(SUPPLIED INFORMATION)

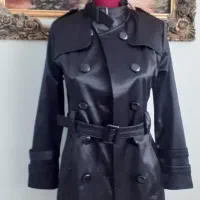 کاپشن ، پالتو ،دمپایی زنانه|لباس|مشهد, فرهنگیان (شهرک غرب)|دیوار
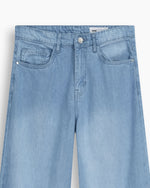 Women Flared Denim - Engine - Buy Now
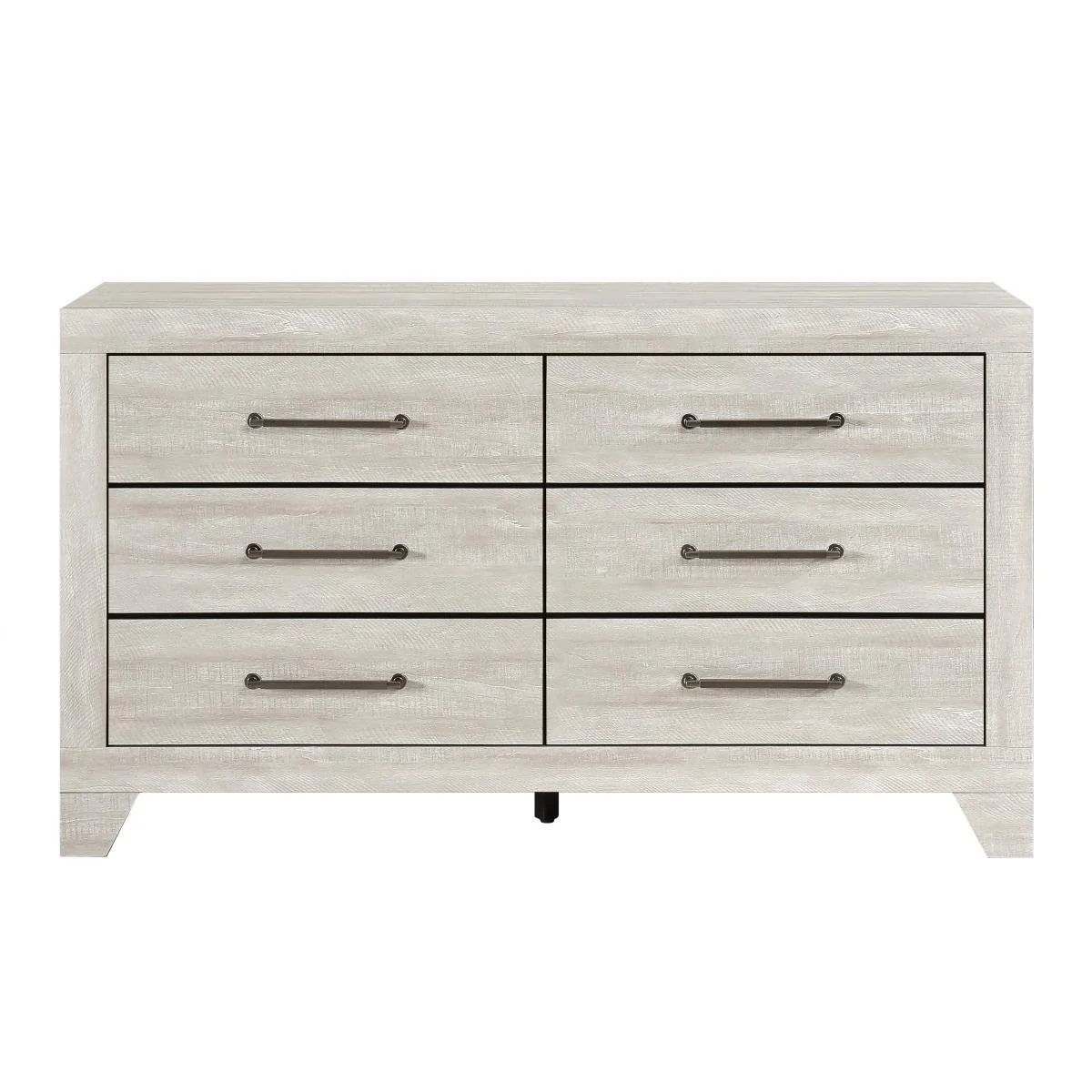 Aspen Dresser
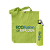 ECOBAG BLEND COLORIDA - Imagem 1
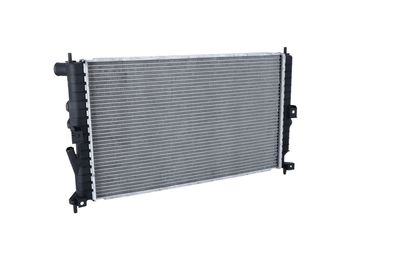 RADIATOR RACIRE MOTOR NRF 58288 24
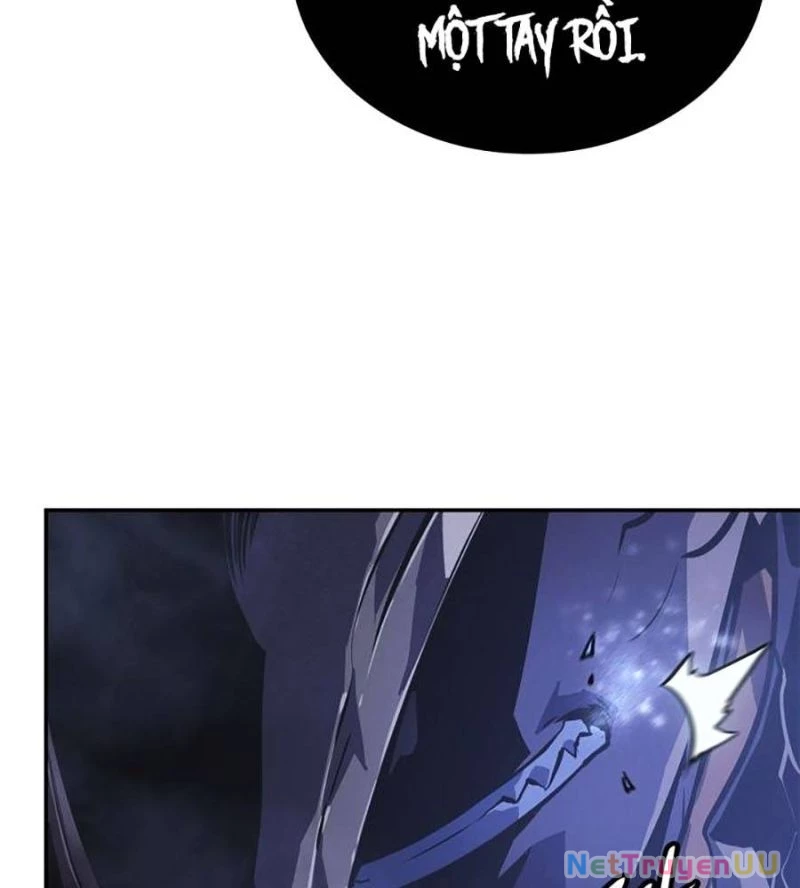 Solo Leveling : Ragnarok Chapter 17 - Trang 2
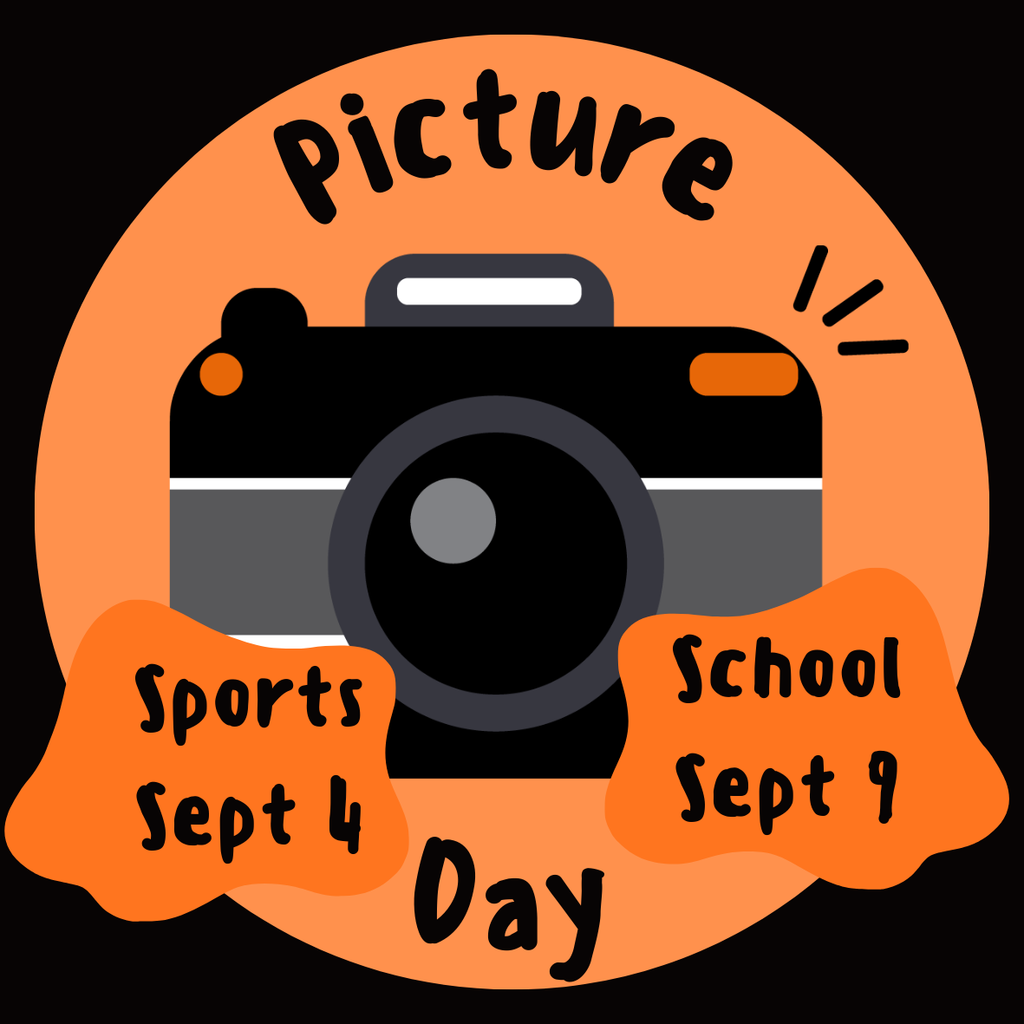 pictures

(End SUPPLIED INFORMATION)

◆ **THE TASK**: Every line from the one containing "Aspen Dresser" to the end of the material above is to be returned exactly, with the pictures left out.

◆ **WRITTEN SOLUTION**:
 Aspen Dresser
 ECOBAG BLEND COLORIDA - Imagem 1
 RADIATOR RACIRE MOTOR NRF 58288 24
 Solo Leveling : Ragnarok Chapter 17 - Trang 2
 pictures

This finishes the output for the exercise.